Rather than using a defaultdict (which doesn't buy you anything in this case), you're better off zipping the lists and creating a dict from each pair:
[{'Product': product, 'Plu': plu} for product, plu in zip(l1, l2)]
So I have a CSV file with the data arranged like this:
X,a,1,b,2,c,3
Y,a,1,b,2,c,3,d,4
Z,l,2,m,3
I want to import the CSV to create a nested dictionary so that looks like this.
data = {'X' : {'a' : 1, 'b' : 2, 'c' : 3},
'y' : {'a' : 1, 'b' : 2, 'c' : 3, 'd' : 4},
'Z' : {'l' : 2, 'm' :3}}
After updating the dictionary in the program I wrote (I got that part figured out), I want to be able to export the dictionary onto the same CSV file, overwriting/updating it. However I want it to be in the same format as the previous CSV file so that I can import it again.
I have been playing around with the import and have this so far
import csv
data = {}
with open('userdata.csv', 'r') as f:
reader = csv.reader(f)
for row in reader:
data[row[0]] = {row[i] for i in range(1, len(row))}
But this doesn't work as things are not arranged correctly. Some numbers are subkeys to other numbers, letters are out of place, etc. I haven't even gotten to the export part yet. Any ideas?

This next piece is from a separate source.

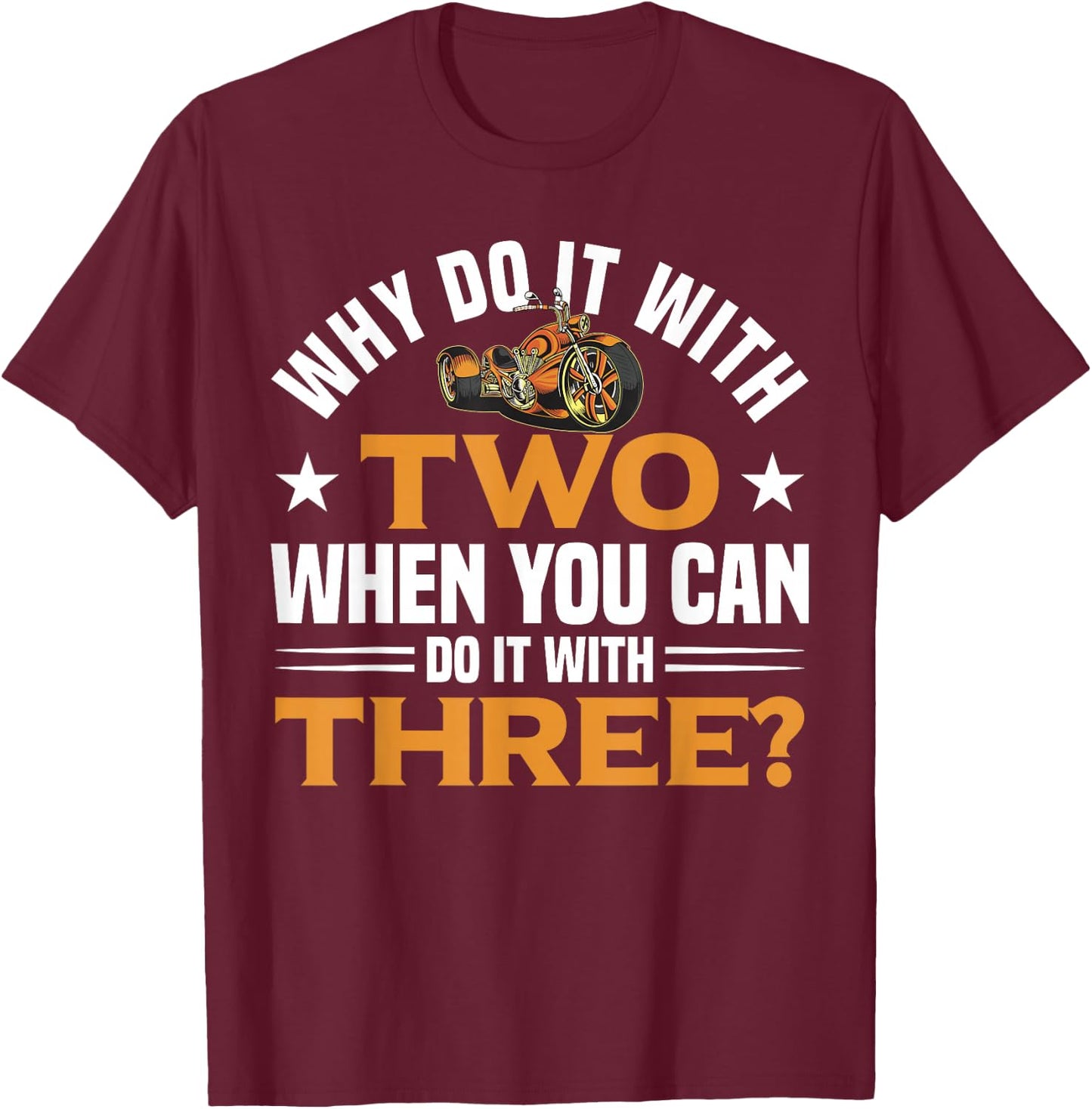 Motortrike for Adults Trike Motorcycle Accessories Triker T-Shirt - T-Shirt | Maroon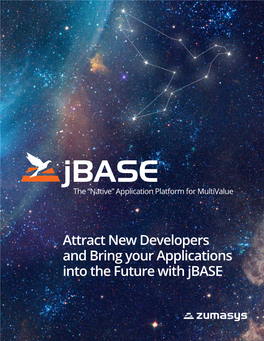 Jbase the Native Application Platform for Multivalue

Since you're not interested in preserving order, something relatively simple should work:
import csv
# import
data = {}
with open('userdata.csv', 'r') as f:
reader = csv.reader(f)
for row in reader:
a = iter(row[1:])
data[row[0]] = dict(zip(a, a))
# export
with open('userdata_exported.csv', 'w') as f:
writer = csv.writer(f)
for key, values in data.items():
row = [key] + [value for item in values.items() for value in item]
writer.writerow(row)
The latter could be done a little more efficiently by making only a single call to thecsv.writer's writerows()method and passing it a generator expression.
# export2
with open('userdata_exported.csv', 'w') as f:
writer = csv.writer(f)
rows = ([key] + [value for item in values.items() for value in item]
for key, values in data.items())
writer.writerows(rows)
You can use the grouper recipe from itertools:
def grouper(iterable, n, fillvalue=None):
"Collect data into fixed-length chunks or blocks"
# grouper('ABCDEFG', 3, 'x') --> ABC DEF Gxx
args = [iter(iterable)] * n
return itertools.izip_longest(fillvalue=fillvalue, *args)
This will group your data into the a1/b2/c3 pairs you want. So you can do data[row[0]] = {k: v for k, v in grouper(row[1:], 2)} in your loop.
from collections import defaultdict
data_lines = """X,a,1,b,2,c,3
Y,a,1,b,2,c,3,d,4
Z,l,2,m,3""".splitlines()
data = defaultdict(dict)
for line in data_lines:
# you should probably add guards against invalid data, empty lines etc.
main_key, sep, tail = line.partition(',')
items = [item.strip() for item in tail.split(',')]
items = zip(items[::2], map(int, items[1::2])
# data[main_key] = {key : value for key, value in items}
data[main_key] = dict(items)
print dict(data)
# {'Y': {'a': '1', 'c': '3', 'b': '2', 'd': '4'},
# 'X': {'a': '1', 'c': '3', 'b': '2'},
# 'Z': {'m': '3', 'l': '2'}
# }
I'm lazy, so I might do something like this:
import csv
data = {}
with open('userdata.csv', 'rb') as f:
reader = csv.reader(f)
for row in reader:
data[row[0]] = dict(zip(row[1::2], map(int,row[2::2])))
which works because row[1::2] gives every other element starting at 1, and row[2::2 every other element starting at 2. zip makes a tuple pair of those elements, and then we pass that to dict. This gives
{'Y': {'a': 1, 'c': 3, 'b': 2, 'd': 4},
'X': {'a': 1, 'c': 3, 'b': 2},
'Z': {'m': 3, 'l': 2}}
(Note that I changed your open to use 'rb', which is right for Python 2: if you're using 3, you want 'r', newline='' instead.)